* What is required
Only lines holding the word "Solid" are wanted from the records; copy all of them.

··· Data for this exercise

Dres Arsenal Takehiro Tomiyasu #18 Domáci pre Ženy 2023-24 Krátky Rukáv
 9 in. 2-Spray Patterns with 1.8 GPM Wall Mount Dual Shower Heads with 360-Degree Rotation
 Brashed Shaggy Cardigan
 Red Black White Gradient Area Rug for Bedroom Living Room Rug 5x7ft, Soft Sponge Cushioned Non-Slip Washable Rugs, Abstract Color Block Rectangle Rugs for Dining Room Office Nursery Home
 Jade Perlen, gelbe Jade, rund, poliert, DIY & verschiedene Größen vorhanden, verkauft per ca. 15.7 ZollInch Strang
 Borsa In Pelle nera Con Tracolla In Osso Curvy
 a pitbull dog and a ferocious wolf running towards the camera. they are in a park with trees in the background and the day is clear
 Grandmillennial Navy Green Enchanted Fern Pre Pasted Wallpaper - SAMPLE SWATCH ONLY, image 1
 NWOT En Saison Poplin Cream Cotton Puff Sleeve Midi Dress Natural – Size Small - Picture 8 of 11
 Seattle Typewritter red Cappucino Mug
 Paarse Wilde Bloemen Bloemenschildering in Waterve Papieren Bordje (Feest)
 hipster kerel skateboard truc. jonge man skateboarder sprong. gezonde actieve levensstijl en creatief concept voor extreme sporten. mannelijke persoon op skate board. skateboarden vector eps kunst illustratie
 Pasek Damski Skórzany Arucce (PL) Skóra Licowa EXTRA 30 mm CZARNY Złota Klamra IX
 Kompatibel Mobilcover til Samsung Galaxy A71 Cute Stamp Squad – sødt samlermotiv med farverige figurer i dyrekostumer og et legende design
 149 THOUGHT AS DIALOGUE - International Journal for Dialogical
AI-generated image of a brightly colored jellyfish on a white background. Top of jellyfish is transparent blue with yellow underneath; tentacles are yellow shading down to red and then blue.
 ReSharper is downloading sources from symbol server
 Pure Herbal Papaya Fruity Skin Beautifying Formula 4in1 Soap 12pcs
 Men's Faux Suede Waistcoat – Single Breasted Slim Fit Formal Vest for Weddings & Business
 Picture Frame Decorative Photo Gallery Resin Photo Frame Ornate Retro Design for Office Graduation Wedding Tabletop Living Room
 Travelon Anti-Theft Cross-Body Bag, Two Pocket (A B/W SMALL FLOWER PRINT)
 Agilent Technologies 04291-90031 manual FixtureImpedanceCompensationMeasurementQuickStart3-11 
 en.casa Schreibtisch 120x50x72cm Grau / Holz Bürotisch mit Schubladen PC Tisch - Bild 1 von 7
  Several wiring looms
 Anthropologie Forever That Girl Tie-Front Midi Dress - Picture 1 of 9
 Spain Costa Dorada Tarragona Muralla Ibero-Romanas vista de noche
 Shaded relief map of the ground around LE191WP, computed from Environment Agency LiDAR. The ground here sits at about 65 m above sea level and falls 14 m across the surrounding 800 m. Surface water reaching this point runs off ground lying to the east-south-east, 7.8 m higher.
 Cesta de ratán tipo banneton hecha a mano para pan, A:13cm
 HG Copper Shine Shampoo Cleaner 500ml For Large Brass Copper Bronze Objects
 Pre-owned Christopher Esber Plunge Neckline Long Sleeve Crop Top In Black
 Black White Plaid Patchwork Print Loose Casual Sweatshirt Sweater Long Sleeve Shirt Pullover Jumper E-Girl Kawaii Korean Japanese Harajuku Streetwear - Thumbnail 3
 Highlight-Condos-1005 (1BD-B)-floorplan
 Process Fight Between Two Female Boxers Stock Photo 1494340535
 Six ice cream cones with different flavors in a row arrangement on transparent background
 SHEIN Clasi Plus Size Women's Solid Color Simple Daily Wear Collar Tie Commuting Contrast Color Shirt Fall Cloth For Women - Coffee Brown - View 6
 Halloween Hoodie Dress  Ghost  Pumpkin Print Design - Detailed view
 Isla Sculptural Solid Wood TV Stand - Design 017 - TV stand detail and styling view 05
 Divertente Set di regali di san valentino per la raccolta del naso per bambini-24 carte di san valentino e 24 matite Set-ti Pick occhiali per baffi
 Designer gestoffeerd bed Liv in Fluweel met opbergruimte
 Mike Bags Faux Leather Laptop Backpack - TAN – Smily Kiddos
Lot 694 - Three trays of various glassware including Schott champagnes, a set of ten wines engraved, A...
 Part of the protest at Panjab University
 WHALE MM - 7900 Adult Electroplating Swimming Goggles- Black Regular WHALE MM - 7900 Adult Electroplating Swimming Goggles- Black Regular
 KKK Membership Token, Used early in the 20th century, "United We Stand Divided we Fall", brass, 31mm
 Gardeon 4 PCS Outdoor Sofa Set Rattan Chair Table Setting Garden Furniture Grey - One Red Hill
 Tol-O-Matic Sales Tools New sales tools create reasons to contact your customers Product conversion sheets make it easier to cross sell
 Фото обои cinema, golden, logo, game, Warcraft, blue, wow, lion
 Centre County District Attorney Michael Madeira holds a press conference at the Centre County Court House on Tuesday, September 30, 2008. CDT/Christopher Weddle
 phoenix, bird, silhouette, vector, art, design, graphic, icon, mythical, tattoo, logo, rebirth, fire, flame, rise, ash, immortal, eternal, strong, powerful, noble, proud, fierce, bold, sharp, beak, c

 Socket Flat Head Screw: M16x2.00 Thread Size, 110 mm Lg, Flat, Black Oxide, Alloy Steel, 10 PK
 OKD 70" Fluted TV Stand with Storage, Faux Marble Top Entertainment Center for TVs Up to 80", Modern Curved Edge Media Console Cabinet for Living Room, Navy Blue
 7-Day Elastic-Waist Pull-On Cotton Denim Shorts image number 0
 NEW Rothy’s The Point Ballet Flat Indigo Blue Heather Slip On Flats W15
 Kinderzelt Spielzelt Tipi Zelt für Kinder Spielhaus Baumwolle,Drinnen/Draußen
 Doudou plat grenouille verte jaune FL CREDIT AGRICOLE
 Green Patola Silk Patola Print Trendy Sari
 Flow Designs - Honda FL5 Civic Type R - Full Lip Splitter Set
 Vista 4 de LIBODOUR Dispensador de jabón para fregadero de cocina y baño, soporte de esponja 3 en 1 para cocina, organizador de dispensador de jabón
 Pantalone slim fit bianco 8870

······

* Expected answer
 SHEIN Clasi Plus Size Women's Solid Color Simple Daily Wear Collar Tie Commuting Contrast Color Shirt Fall Cloth For Women - Coffee Brown - View 6
 Isla Sculptural Solid Wood TV Stand - Design 017 - TV stand detail and styling view 05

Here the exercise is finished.